Parallel workers for reverse dependency check

The CLI option --num-workers controls how many parallel workers xfun::rev_check() uses. By default, revdeprun uses all available CPU cores.

Binary package downloads

revdeprun configures pak/pkgcache async HTTP connection limits to accelerate binary package downloads from P3M.

By default, binary package downloads use the same computed max connections with a 50 connections per host cap, increasing from the pkgcache default of 6 connections per host.

Source tarball downloads

xfun::rev_check() downloads reverse dependency tarballs from CRAN. Historically this was serial, which is painful at 1,000+ packages.

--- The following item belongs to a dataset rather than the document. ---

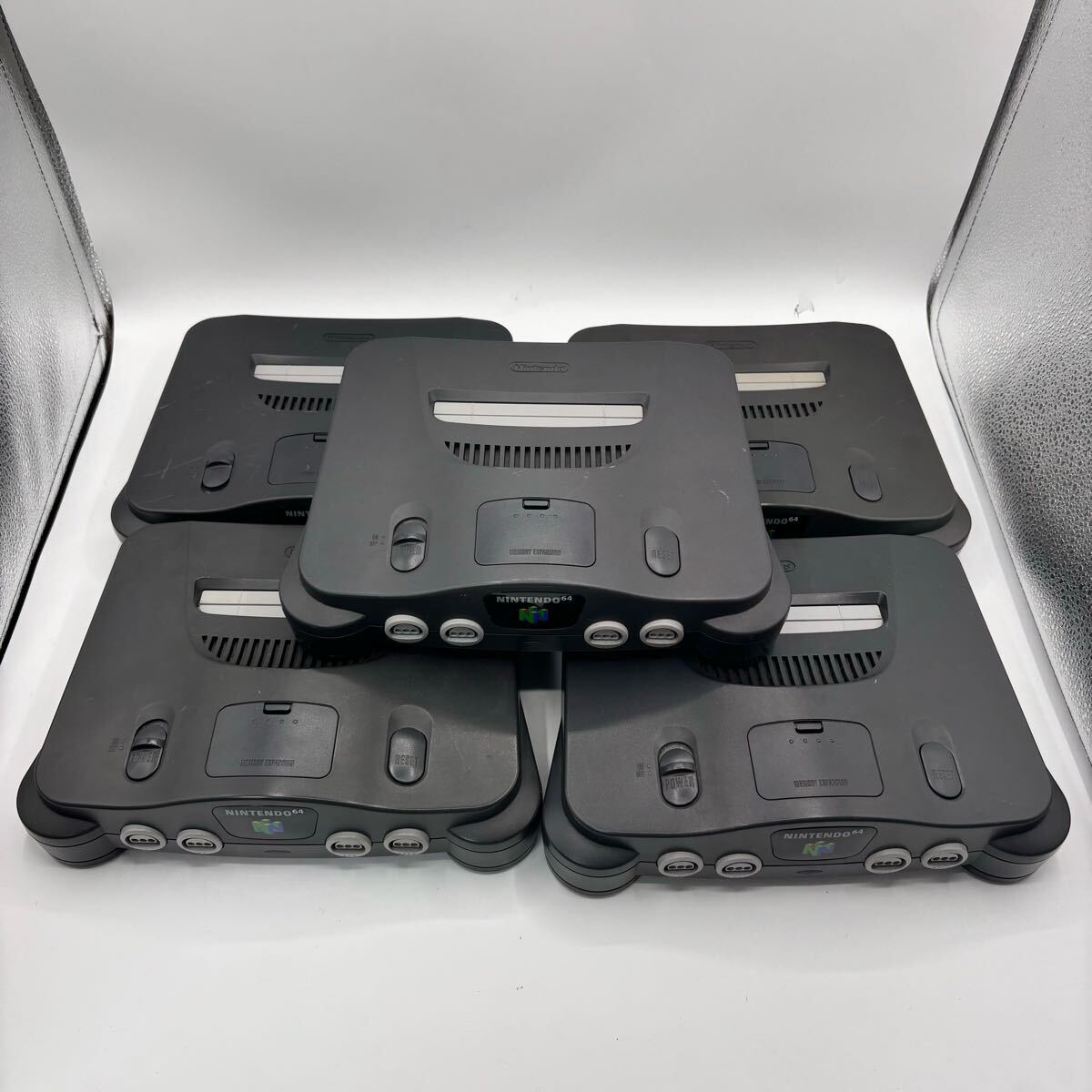 新品即決 ジャンク 任天堂 ニンテンドー NINTENDO64 ニンテンドー64 Nintendo Switch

assets/patch-xfun.R patches xfun:::download_tarball() to download in parallel using parallel::mcmapply(). Concurrency is controlled by getOption("xfun.rev_check.download_cores"). Default is 50.

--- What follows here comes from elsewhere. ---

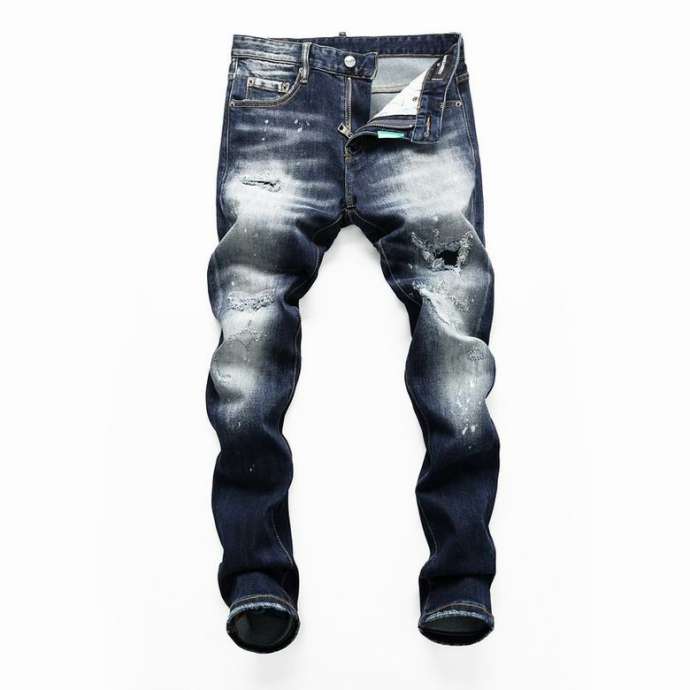 Picture of DSQ Jeans _SKUDSQsz28-36388s0714600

Auto-tuning --max-connections

Behind the scene, revdeprun computes a safe --max-connections value for running Rscript. The --max-connections argument is available since R 4.4.0.

When xfun::rev_check() runs with many parallel workers, the main R process can run out of connections (pipes for inter-process communication + various other connections opened during installs and checks). To avoid that, revdeprun auto-tunes Rscript --max-connections based on the worker count (--num-workers).

The heuristic is implemented in src/util.rs (util::optimal_max_connections) as:

max_connections = min(4096, ceil(max(128, 3 * Ncpus + 64) / 128) * 128)

Ncpus is the number of parallel workers revdeprun will use.

Why this works

  • The main process typically needs about 1 to 2 R connections per worker (pipes for result/control) plus a small fixed overhead.
  • Multiplying workers by 3 bakes in ~50% headroom over a 2-per-worker baseline for miscellaneous connections opened by your code and the parallel machinery.
  • The extra +64 is a fixed cushion for the own connections of the main process.
  • It respects R's hard cap (4096) and the legacy default (128), and rounds up to the next multiple of 128 for stable "round number" values.

Example values

The unrounded baseline is max(128, 3 * Ncpus + 64). revdeprun then rounds up to the next multiple of 128 and caps the final value at 4096.

  • 16 cores → computed 112128 (lift to floor)
  • 32 cores → computed 160256
  • 128 cores → computed 448512
  • 256 cores → computed 832896
  • 384 cores → computed 12161280

pkgdepends scheduler patch

pak embeds pkgdepends for install planning and scheduling. With thousands of packages, two effects show up:

  • The worker pool can under-fill when many small binary installs finish between polls.
  • Dependency bookkeeping can become expensive for very large plans.

assets/patch-pkgdepends.R patches the scheduler to refill the worker pool more aggressively and avoid unnecessary work. The monkey patch is applied before calling pak::pkg_install().